- [THE TASK] Repeat each entry exactly. Drop every image.

[Records from a dataset]
↓↓↓

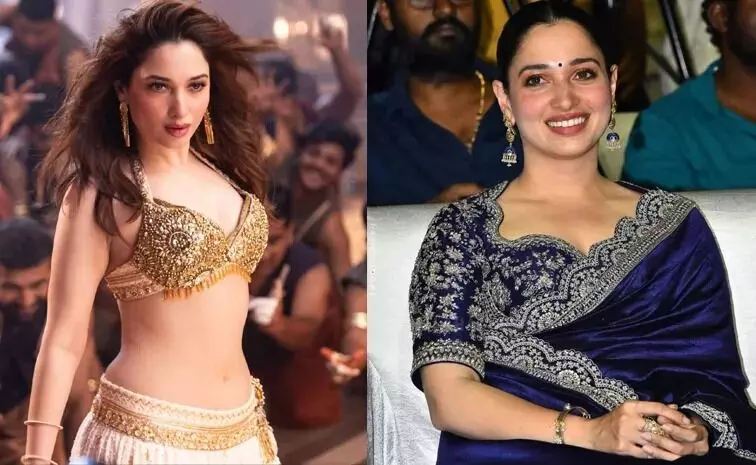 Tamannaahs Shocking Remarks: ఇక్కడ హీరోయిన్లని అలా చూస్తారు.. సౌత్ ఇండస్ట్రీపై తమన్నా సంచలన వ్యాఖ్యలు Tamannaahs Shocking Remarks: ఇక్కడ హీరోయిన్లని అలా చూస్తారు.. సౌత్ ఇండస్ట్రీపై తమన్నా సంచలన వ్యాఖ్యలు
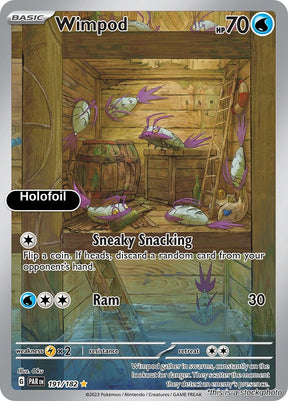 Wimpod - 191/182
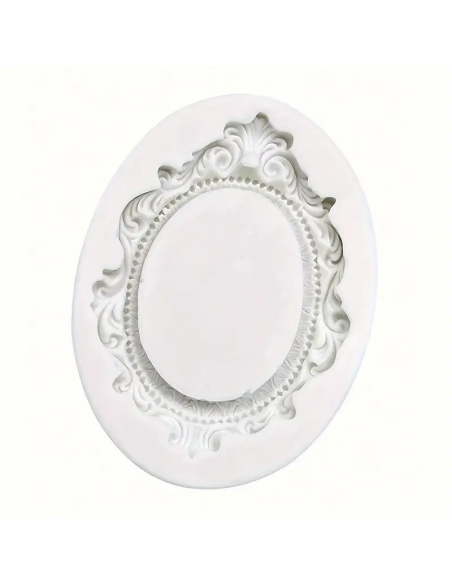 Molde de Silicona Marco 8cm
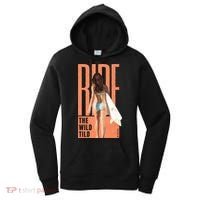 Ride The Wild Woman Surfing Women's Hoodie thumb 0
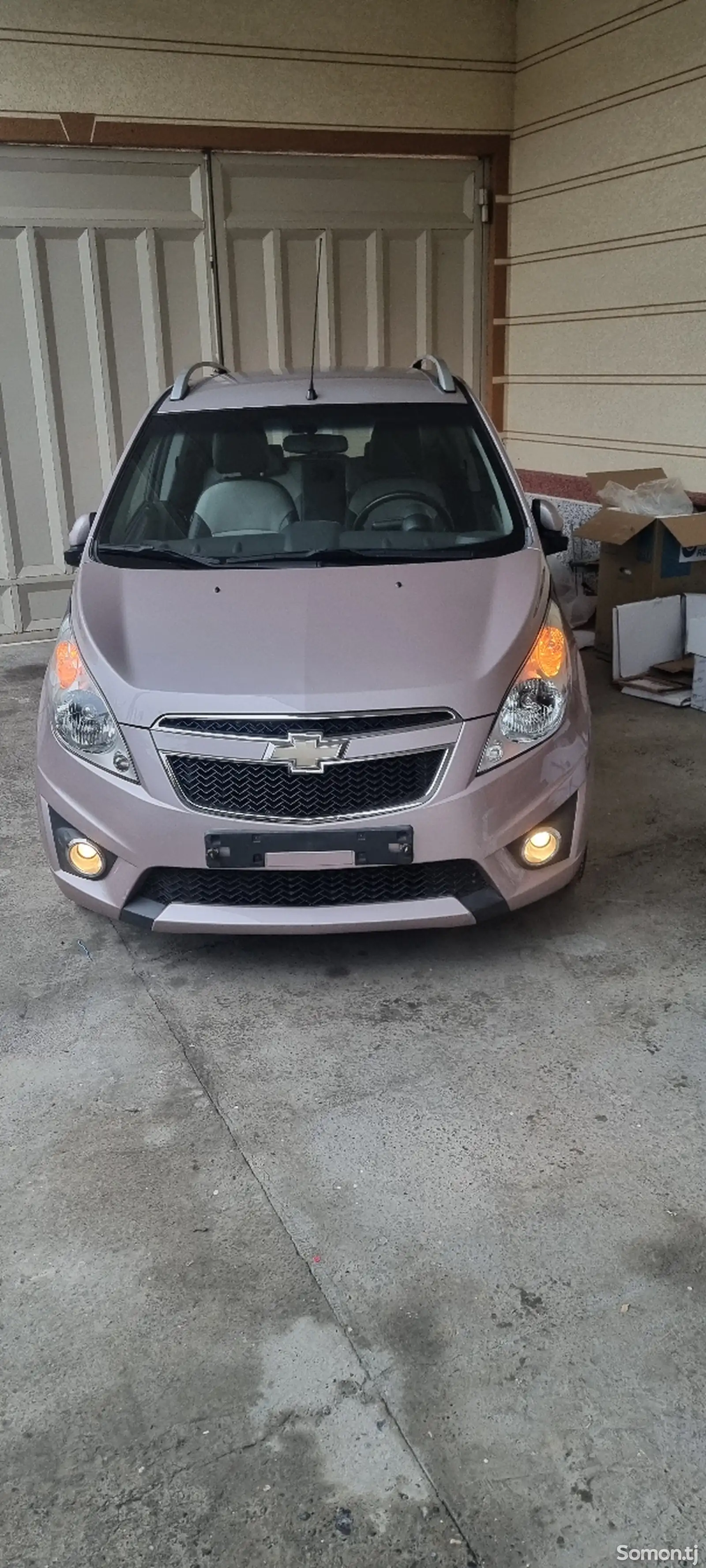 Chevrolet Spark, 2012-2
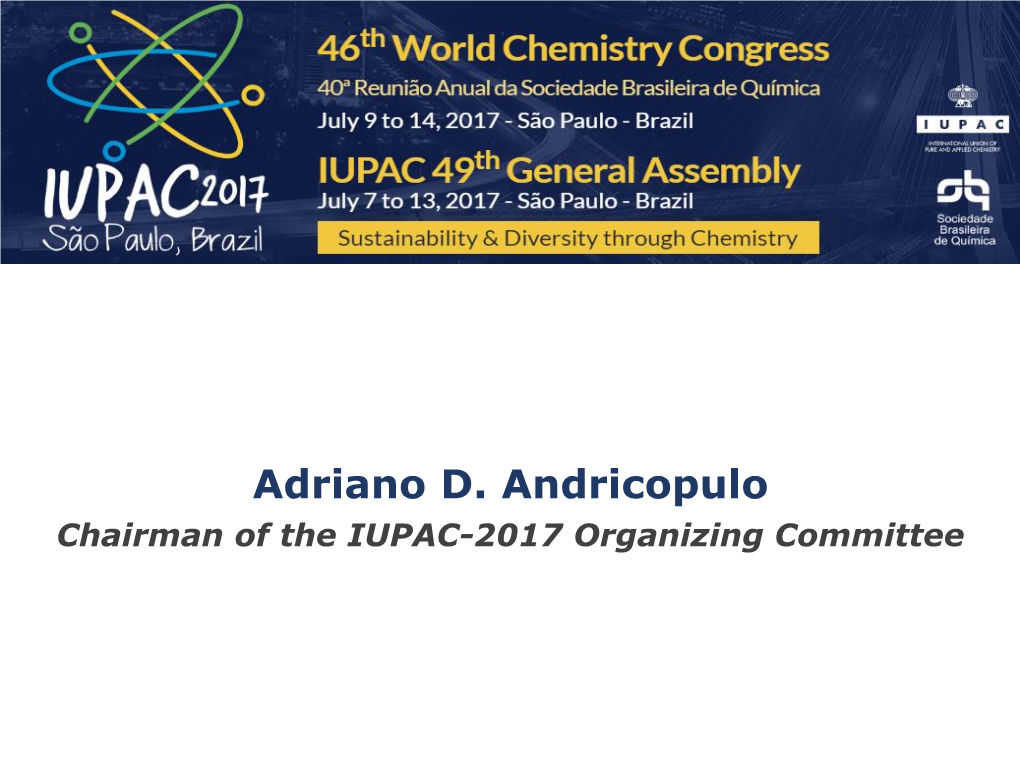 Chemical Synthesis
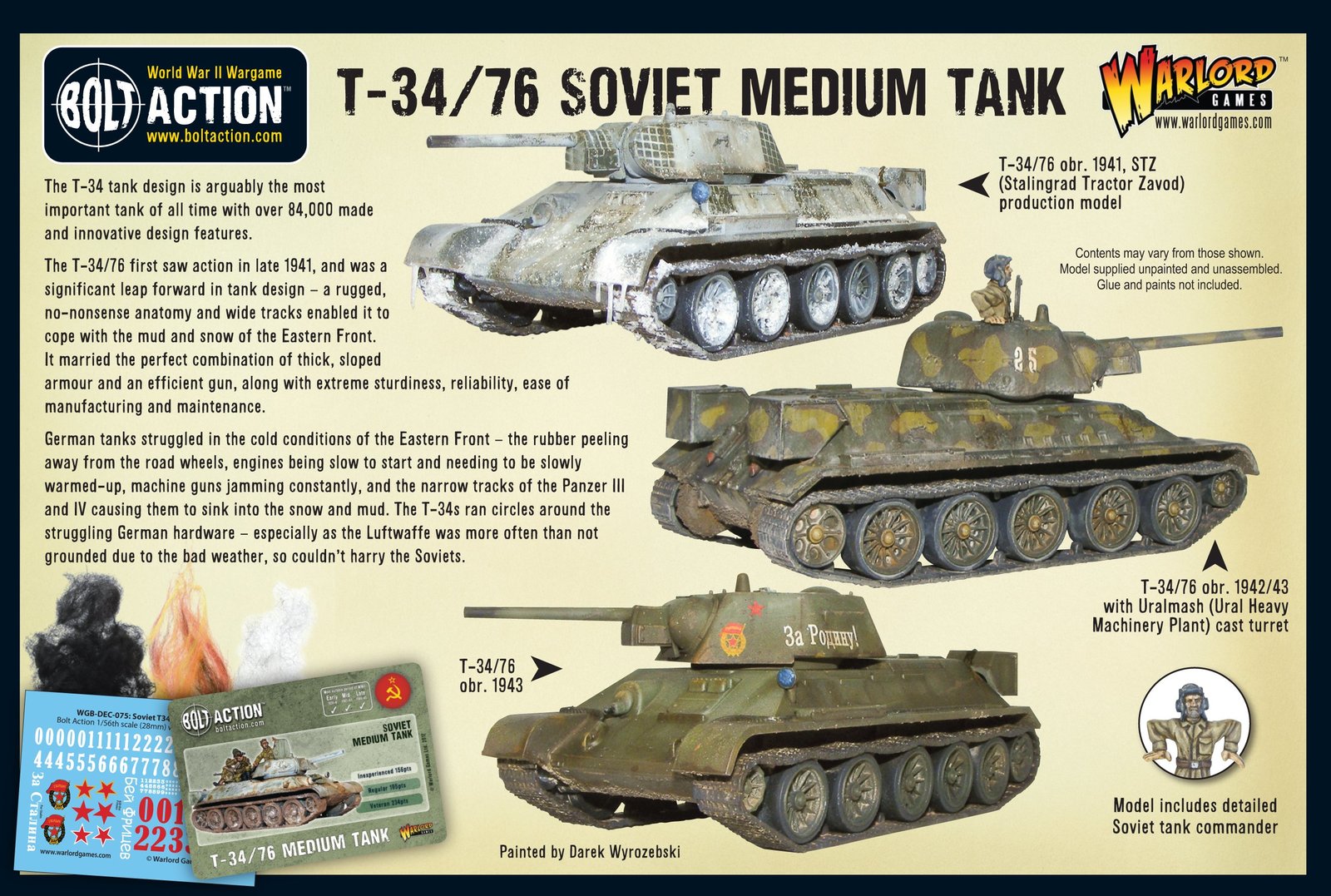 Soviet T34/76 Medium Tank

↑↑↑

- [ANSWER FOR THIS EXERCISE]
 Tamannaahs Shocking Remarks: ఇక్కడ హీరోయిన్లని అలా చూస్తారు.. సౌత్ ఇండస్ట్రీపై తమన్నా సంచలన వ్యాఖ్యలు Tamannaahs Shocking Remarks: ఇక్కడ హీరోయిన్లని అలా చూస్తారు.. సౌత్ ఇండస్ట్రీపై తమన్నా సంచలన వ్యాఖ్యలు
 Wimpod - 191/182
 Molde de Silicona Marco 8cm
 Ride The Wild Woman Surfing Women's Hoodie thumb 0
 Chevrolet Spark, 2012-2
 Chemical Synthesis
 Soviet T34/76 Medium Tank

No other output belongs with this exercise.